The small copse of trees bordered the two properties, lending some privacy to each family’s backyard. The boys would meet at the fence in the mornings before school and, together, they would ride their bikes there and back again. Jeremy and Wes were good friends and continued their daily routine until they graduated to high school where it was too far to ride their bikes.

Life moved on for the boys who, 32 years later, have careers and friends and don’t remember much anymore about those daily rides to school. Or the whereabouts of Wes’ long forgotten bicycle.

I tried to interview the bicycle, but it was not in a mood for conversation. I’d love to hear its perspective on what it heard and observed as days turned to months and then years to decades.

I remember about five years ago traveling through Kentucky on Highway 31. We came to a sign that said “Prehistoric Indian Artifacts”, and I remember laughing out loud at such a silly attempt at marketing. Wes’ bicycle isn’t prehistoric, or buried treasure like you might dive for in Panama City Beach, and it doesn’t have any monetary value.

But it’s a pretty interesting thing to see. Two trees, instead of pushing a foreign object out of their way, instead patiently grow around it until the bicycle becomes an integral part of the landscape. It’s hard to see in the shade of the trees.

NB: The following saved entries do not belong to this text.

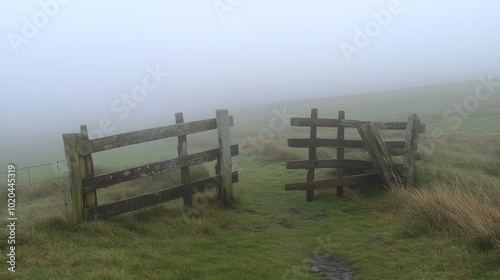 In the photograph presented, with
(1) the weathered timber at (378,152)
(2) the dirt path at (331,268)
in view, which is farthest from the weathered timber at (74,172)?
(1) the weathered timber at (378,152)

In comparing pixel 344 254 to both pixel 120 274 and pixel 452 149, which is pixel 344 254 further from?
pixel 452 149

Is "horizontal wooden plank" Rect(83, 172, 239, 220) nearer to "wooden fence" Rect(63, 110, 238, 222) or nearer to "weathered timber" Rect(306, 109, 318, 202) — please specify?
"wooden fence" Rect(63, 110, 238, 222)

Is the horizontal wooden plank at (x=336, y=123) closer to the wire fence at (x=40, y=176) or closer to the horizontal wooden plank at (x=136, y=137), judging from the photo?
the horizontal wooden plank at (x=136, y=137)

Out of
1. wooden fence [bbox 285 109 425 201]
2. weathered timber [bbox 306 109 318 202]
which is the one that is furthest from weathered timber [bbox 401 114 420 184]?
weathered timber [bbox 306 109 318 202]

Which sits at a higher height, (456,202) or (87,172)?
(87,172)

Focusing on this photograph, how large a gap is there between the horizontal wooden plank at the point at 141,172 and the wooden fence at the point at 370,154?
2.51 m

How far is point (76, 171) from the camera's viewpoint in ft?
19.0

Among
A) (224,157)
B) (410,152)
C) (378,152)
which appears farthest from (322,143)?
(224,157)

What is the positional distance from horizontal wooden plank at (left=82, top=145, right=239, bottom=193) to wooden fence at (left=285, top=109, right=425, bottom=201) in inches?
98.7

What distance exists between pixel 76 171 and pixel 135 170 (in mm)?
906

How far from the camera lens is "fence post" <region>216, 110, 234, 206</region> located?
7508mm

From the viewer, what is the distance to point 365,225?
686 centimetres

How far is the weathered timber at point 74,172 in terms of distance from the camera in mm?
5752

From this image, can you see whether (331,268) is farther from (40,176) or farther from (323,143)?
(40,176) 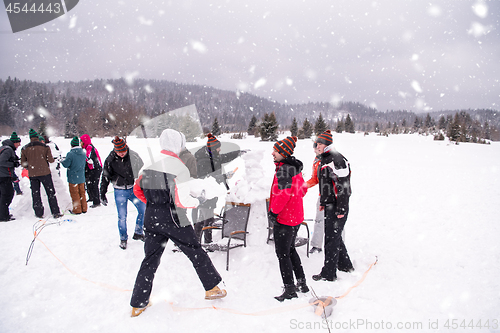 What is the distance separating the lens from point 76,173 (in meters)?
6.55

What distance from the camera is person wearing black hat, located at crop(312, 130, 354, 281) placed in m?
3.54

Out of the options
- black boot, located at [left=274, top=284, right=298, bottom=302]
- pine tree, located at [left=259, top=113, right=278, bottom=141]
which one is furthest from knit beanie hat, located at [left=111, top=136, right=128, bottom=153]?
pine tree, located at [left=259, top=113, right=278, bottom=141]

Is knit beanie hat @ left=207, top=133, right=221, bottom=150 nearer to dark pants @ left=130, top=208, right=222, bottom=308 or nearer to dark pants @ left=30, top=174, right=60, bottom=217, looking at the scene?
dark pants @ left=130, top=208, right=222, bottom=308

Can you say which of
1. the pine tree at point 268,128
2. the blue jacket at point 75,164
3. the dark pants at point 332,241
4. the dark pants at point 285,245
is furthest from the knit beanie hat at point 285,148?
the pine tree at point 268,128

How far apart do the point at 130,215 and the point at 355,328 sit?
20.2 ft

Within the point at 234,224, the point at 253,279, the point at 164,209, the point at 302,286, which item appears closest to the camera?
the point at 164,209

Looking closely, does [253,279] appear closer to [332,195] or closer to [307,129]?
[332,195]

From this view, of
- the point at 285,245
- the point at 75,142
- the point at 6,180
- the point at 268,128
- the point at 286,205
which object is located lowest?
the point at 285,245

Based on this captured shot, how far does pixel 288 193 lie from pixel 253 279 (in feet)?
5.21

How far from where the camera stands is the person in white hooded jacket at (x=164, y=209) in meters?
2.90

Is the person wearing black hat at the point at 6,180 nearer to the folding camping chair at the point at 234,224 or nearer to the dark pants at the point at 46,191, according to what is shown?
the dark pants at the point at 46,191

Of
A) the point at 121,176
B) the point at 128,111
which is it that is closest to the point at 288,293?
the point at 121,176

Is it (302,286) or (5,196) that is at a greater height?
(5,196)

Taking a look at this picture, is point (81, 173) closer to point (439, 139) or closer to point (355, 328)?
point (355, 328)
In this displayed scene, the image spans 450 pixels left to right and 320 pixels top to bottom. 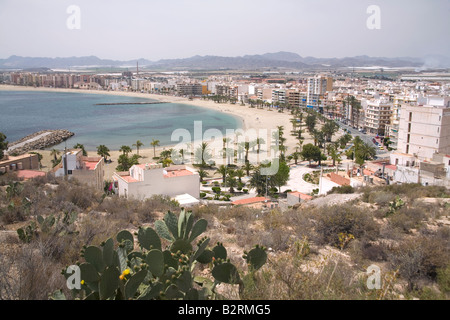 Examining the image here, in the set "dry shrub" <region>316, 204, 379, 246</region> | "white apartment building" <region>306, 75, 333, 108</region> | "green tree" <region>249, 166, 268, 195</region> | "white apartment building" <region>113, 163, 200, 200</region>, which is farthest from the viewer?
"white apartment building" <region>306, 75, 333, 108</region>

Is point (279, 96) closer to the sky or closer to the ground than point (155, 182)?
closer to the sky

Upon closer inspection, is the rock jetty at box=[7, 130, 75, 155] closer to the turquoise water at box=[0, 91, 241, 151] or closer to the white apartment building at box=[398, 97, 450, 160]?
the turquoise water at box=[0, 91, 241, 151]

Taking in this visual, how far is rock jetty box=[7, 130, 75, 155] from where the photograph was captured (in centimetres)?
3296

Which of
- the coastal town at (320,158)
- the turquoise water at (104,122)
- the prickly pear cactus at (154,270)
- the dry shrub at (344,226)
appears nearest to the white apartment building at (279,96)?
the coastal town at (320,158)

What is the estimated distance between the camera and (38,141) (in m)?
36.2

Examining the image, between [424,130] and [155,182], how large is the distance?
1623cm

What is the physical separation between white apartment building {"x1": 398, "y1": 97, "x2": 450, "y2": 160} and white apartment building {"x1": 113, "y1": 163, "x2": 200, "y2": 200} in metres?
13.8

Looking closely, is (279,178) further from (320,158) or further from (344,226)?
(344,226)

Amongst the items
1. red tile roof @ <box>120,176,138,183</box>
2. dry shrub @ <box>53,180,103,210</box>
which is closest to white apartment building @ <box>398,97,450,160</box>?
red tile roof @ <box>120,176,138,183</box>

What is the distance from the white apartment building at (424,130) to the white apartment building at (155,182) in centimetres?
1383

There’s certainly a life lesson here.

I have Facebook friends from Michigan where I grew up. They regularly complain about the weather, especially in the long and seemingly unending winters. I tell them, “pack up your crap and move down here”. But they always have an excuse. They’re kind of like that bicycle letting time and lack of ambition keep them stuck in a place they don’t really want to be, but the effort to change is greater than their dissatisfaction.

I think Wes’ bicycle would have preferred to have been kept inside a garage out of the elements and over time passed down to the next generation of adventurous children wanting a quicker way to get to where they wanted to go.

But, like I said, the bicycle refused to comment, so I can only speculate.